Et « Jalainur », alors ? Eh bien, « Jalainur » (《扎赉诺尔》en bon chinois), justement, c’est l’anti-discours écolo. Zhao Ye (赵晔)filme cet endroit complètement dévasté par les pelleteuses, les trains à vapeur qui ressemblent à des pièces de musée et continuent à cracher leurs immenses volutes de fumée en évacuant le minerai extrait, en plus dans une nature ingrate, glacée une bonne partie de l’année, et il en fait une sorte d’ode éthérée aux gens qui y vivent, et à ceux qui n’y vivent plus.

Zhao Ye nous montre deux conducteurs de train, le vieux Zhu (朱老头)et son apprenti Xiao Li (小李). Le vieux Zhu a fait toute sa carrière là, dans cette atmosphère de fumée dense qui caractérise les trains à vapeur. C’est l’environnement type de l’ancienne entreprise socialiste chinoise, une sorte de survivance archaïque d’une industrie pré-capitaliste qui n’est pas morte parce que la Chine aujourd’hui a tellement besoin de charbon qu’elle est prête à aller en chercher au bout du monde. Et Jalainur est un tout petit peu plus près que le bout du monde.

Quand le cinéma embellit une ville pourrie...

Il y a une atmosphère fin de siècle dans tout cela, même si le jeune Xiao Li met toute son ardeur dans ce travail ingrat. En fait, on sent que c’est plus par amour du vieux Zhu que par amour du travail lui-même, ce vieux Zhu qui doit partir à la retraite et quitter la mine.

Xiao Li a une telle dévotion envers son vieux maître que, lorsque celui-ci s’en va pour aller chez sa fille, il ne peut s’empêcher de le suivre. Il l’accompagne dans son périple jusqu’au village de Mohe, dans le Helongjiang, où sa fille vient l’accueillir à la descente… du train. Et s’en revient alors, laissant le vieillard coupé du monde qui a été le sien si longtemps.

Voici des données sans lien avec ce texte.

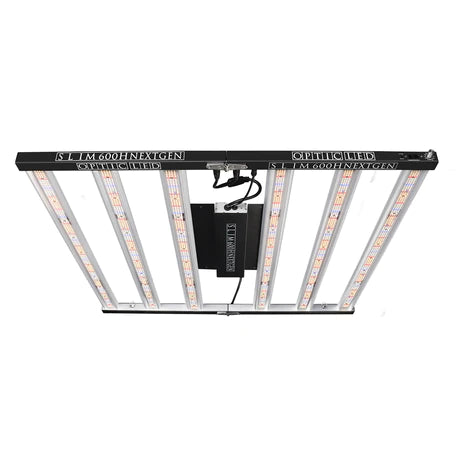 Buy Optic LED Slim 600H NextGen Dimmable LED Grow Light | Rightbud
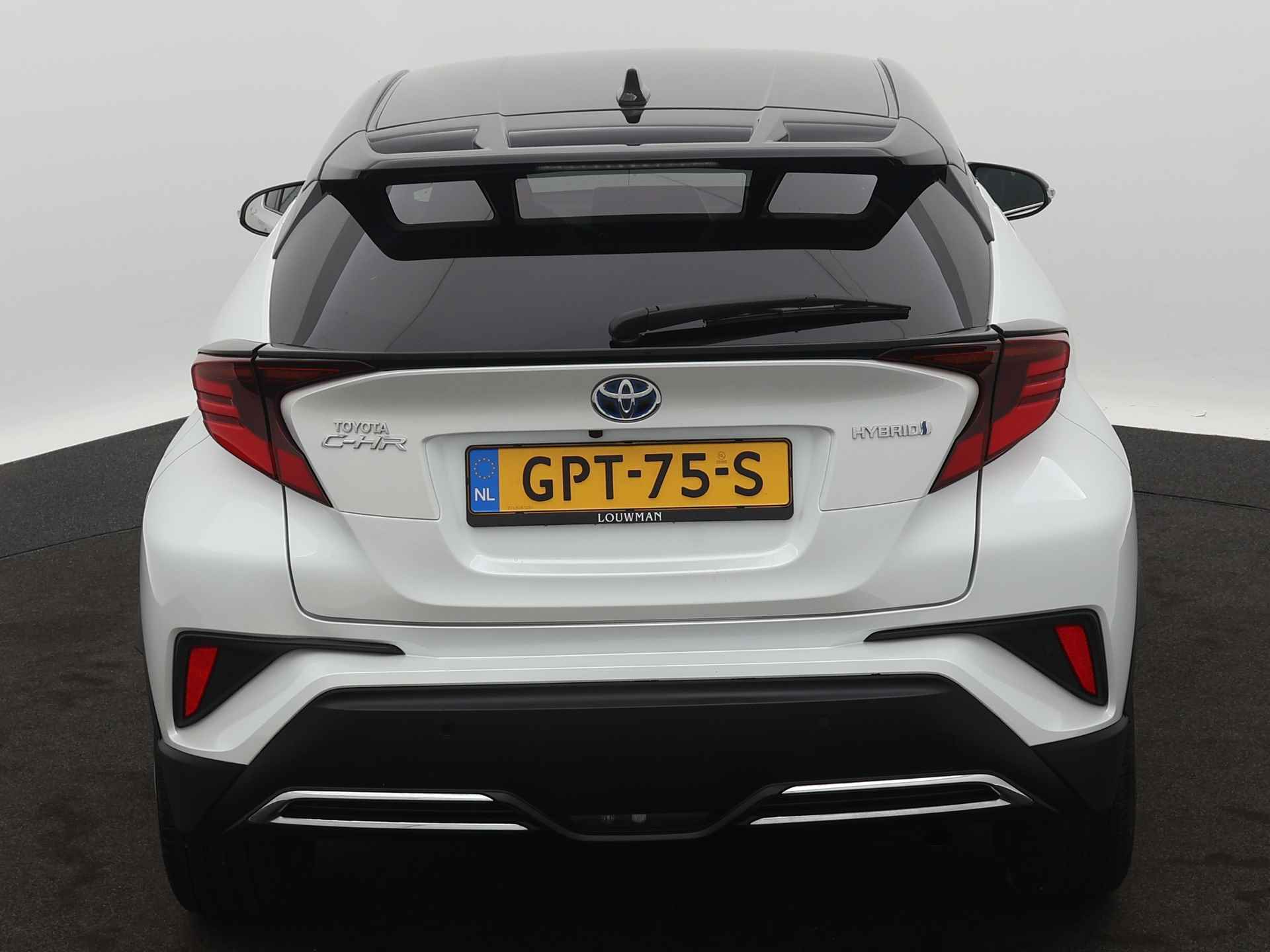 Toyota C-HR 2.0 184 PK Hybrid Style Bi-Tone Limited | Navigatie | Stoelverwarming | Cruise Control | Climate Control | EdV 19-11 financiering - 30/44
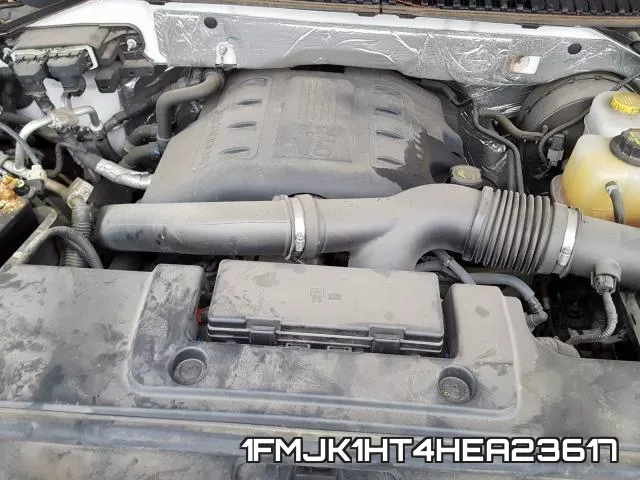 1FMJK1HT4HEA23617 фото 8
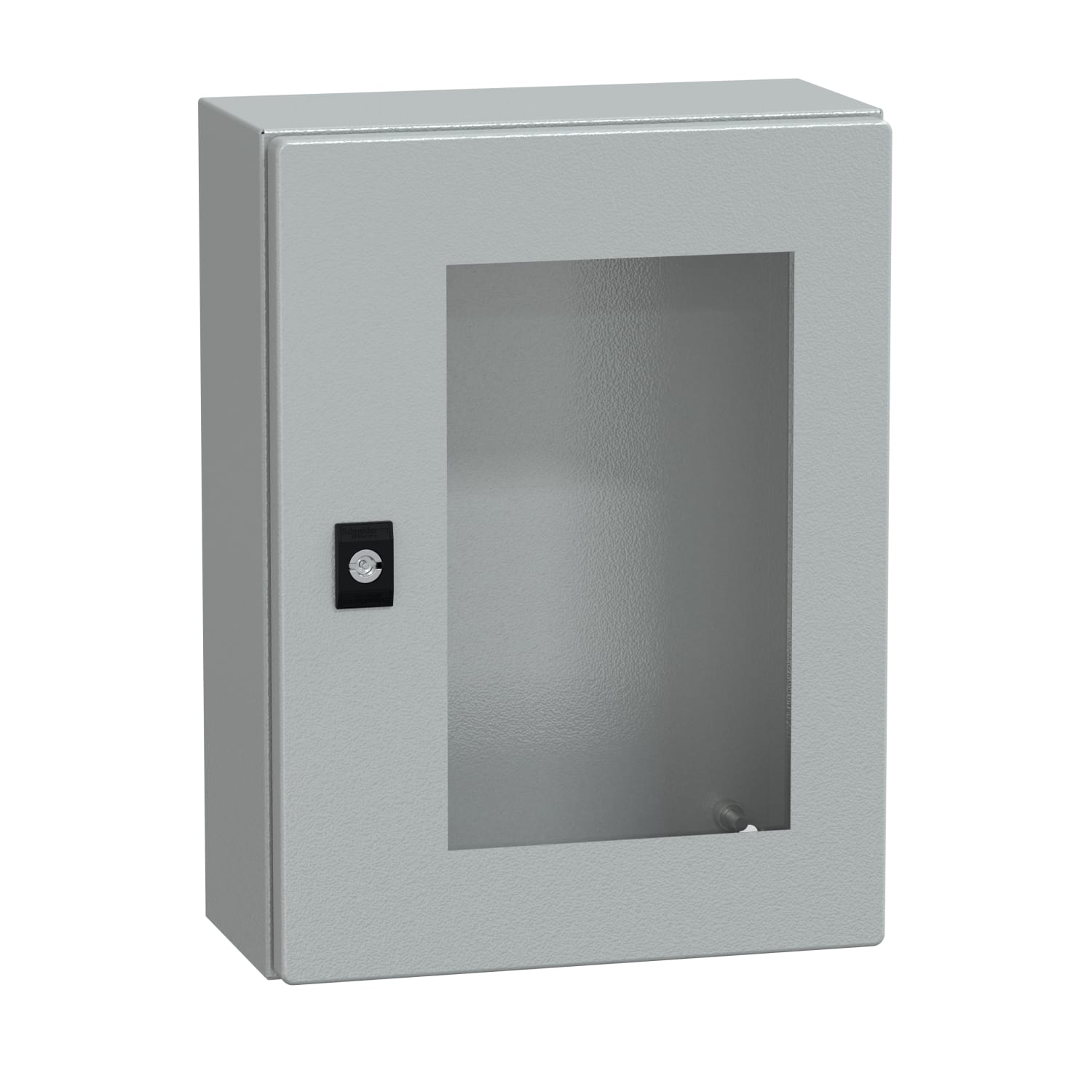 SCHNEIDER ELECTRIC - SNRNSYCRN43150T Cassa PanelSeT CRN 400x300x150 porta trasparente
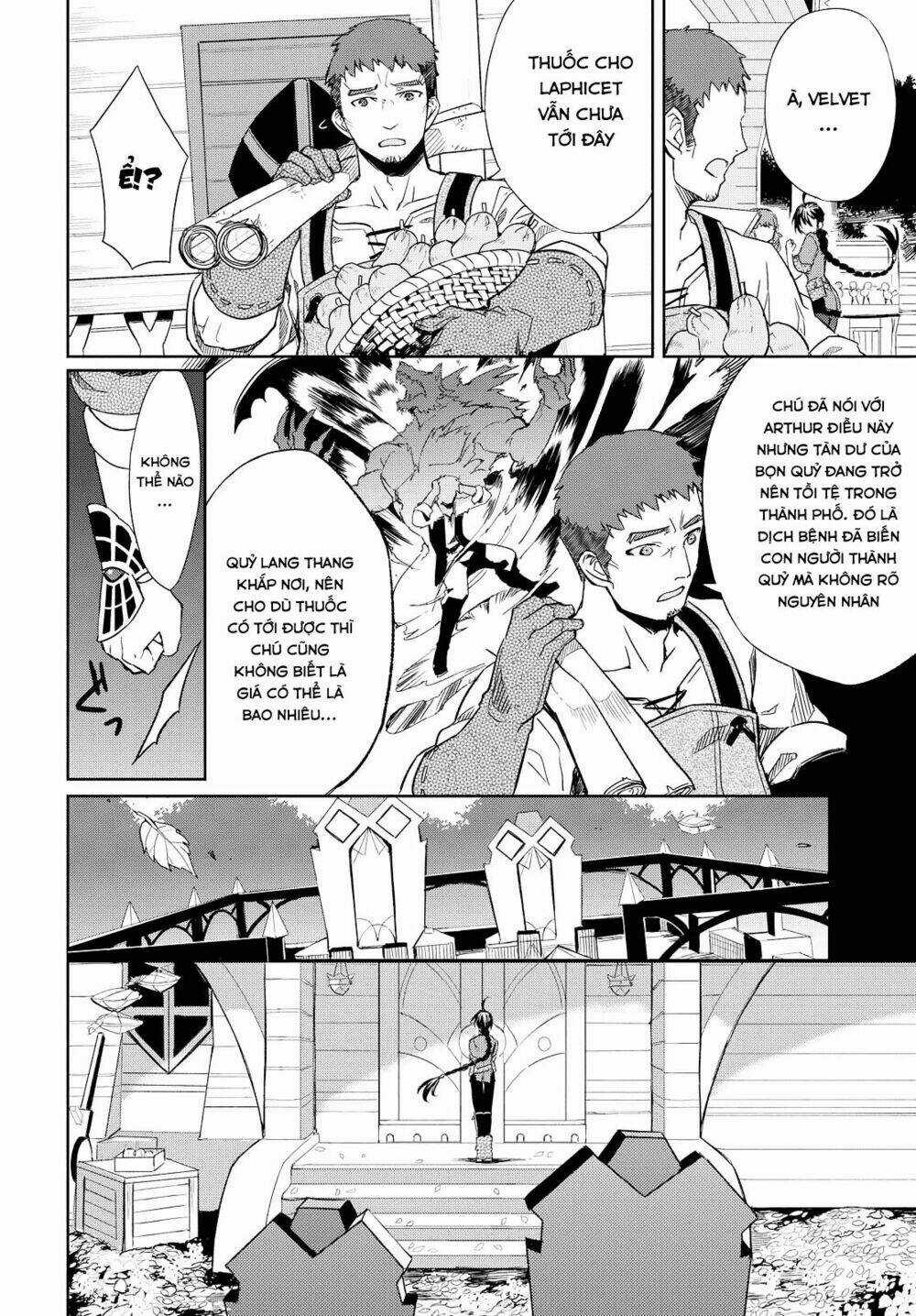 Tales of Berseria Chapter 1 trang 20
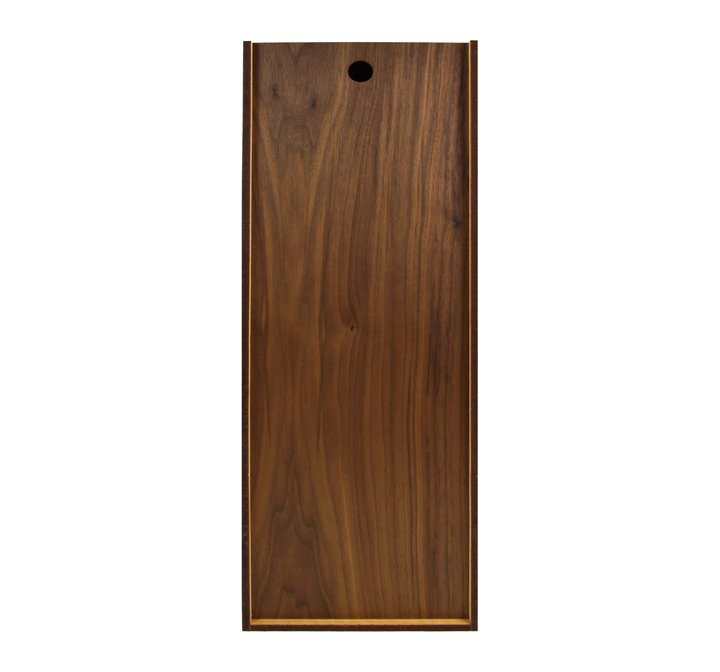 Large Wood Tequila Box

L’histoire est évidemment très belle, mais le plus beau, ce sont les images. Il y a un personnage dans le film de Jean-Michel Ribes dont je parlais plus haut qui, dans un musée qui pourrait être Orsay, s’exclame : « C’est vraiment incroyable, peindre cette ville pourrie d’Argenteuil et arriver en plus à ce qu’elle entre au musée, chapeau les Impressionnistes ! »

On pourrait en dire autant ici et tirer un coup de chapeau au directeur de la photo. Il faut comparer les photos habituelles de Jalainur, on en trouve des centaines sur internet, celle-ci par exemple : Image 1, ou encore celle-là : Image 2 et celles du film : Image 3

Un poème visuel

Zhao Ye
Crédit : sina.com
« Jalainur » se lit comme un poème visuel, aux couleurs travaillées, tantôt diffuses, tantôt très vives, comme saturées pour atteindre une intensité qui donne à ces images une aura presque irréelle, à la limite du songe éveillé. L’histoire intime des deux personnages en est beaucoup plus profonde et émouvante, c’est peut-être la grande différence avec « A l’ouest des rails » (《铁西区》) de Wang Bing (王兵), œuvre remarquable mais qui nous laissait simplement avec le constat amer d’un paysage industriel en ruines.

Zhao Ye va plus loin : il nous touche profondément. On se sent sidéré par la beauté de ce film qui réussit à faire un poème lyrique et un chef d’œuvre esthétique d’un site industriel à la limite du désastre environnemental, sidéré comme on était sidéré par la Méduse dans la légende, tellement fasciné qu’on en était transformé en pierre.

Sidéré comme ont dû l’être aussi les critiques à Pusan, qui ont accordé leur prix à ce film.